“Hockey Season Reflections"
“Behind the practices, promises, and pressure — a mom’s view.”
Hockey season’s here again. Every year it pulls me back — not just to the rink, but to the nerves in the stands, the quiet tears in the car, and the lessons I never expected to learn as a hockey mom.
I still remember those early tryouts when my son was small. The skates squeaking on fresh ice, the anxious faces lined up at the boards, the parents whispering in the bleachers like the fate of the world hung on each shift. Honestly, sometimes the kids handled it better than we did. I hated the pressure they were under, but if I’m honest I got swept up in it too.
As he got older, the pressure didn’t disappear. It just changed shape. Suddenly it wasn’t about making a team, it was about choosing the right Junior program. The phone started ringing with agents and coaches, each promising him the moon: You’ll be a first-line player. Our facilities are the best. We won’t charge you a thing.
At first, it sounded thrilling. But for a teenager? It was too much. Too many voices. Too many promises. Too much weight on shoulders that were still growing. And I would sit back and wonder: Why did I do this to my child? Why didn’t I let him just have a normal childhood? Will he regret this path one day?
My husband understood more, because he had lived it when he was young. I hadn’t. So I smiled and stayed strong on the outside, then cried in private, because sometimes the reality of it broke my heart.

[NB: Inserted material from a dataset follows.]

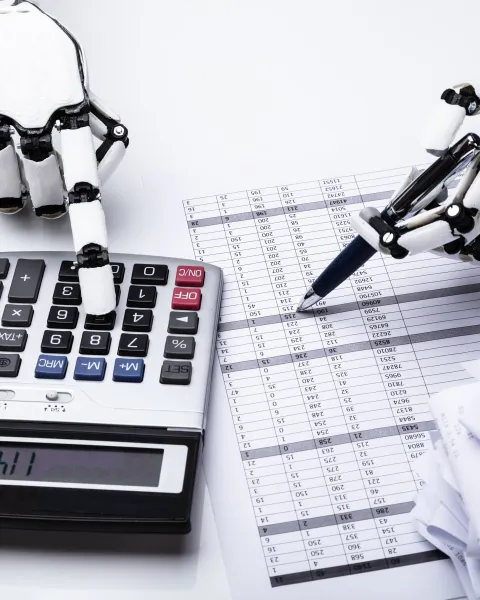 Robot y calculadora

Other parents would ask me: How can you send your kid away? How can you let him live like this? I found myself defending our choices more than once. Their words made me feel like a bad parent. But then I’d remind myself: they weren’t in our situation. They didn’t know what it felt like. The parents who did - the families living this life as well -they never asked. They already understood.
What I’ve Come to Realize
There’s no perfect way to do this. I don’t think there’s a single “right” answer. But here’s what I’ve learned over the years:
Our kids need us to be their safe place, not more pressure.
The outside world sees the offers and opportunities, but not the stress on a teenager’s face.
People will judge. Let them. They’re not living your life.
It’s okay to cry, to question, to worry. That doesn’t make you a bad mom. It makes you a real one.
To Other Moms Walking This Road
If you’re in the thick of it right now -the tryouts, the team decisions, the endless schedule please know you’re not alone. It’s messy. It’s emotional. And sometimes it feels like you’re carrying just as much as your child.
But in between all that stress are the moments that make it worth it: the friendships, the discipline, the lessons, the memories. Our kids are learning things that will last long after the hockey ends.
And us? We’re learning too. To let go a little. To trust. To stand behind them instead of in front of them. To love them through the good games and the hard ones.
One day, when the skates are finally hung up for good, they won’t remember the stats or the standings. What they’ll remember is this:
That their mom was always there. Quietly cheering. Always in their corner. No matter what.
Because in the end, it isn’t the goals or the trophies that last - it’s the unwavering truth that we never stopped being their safe place.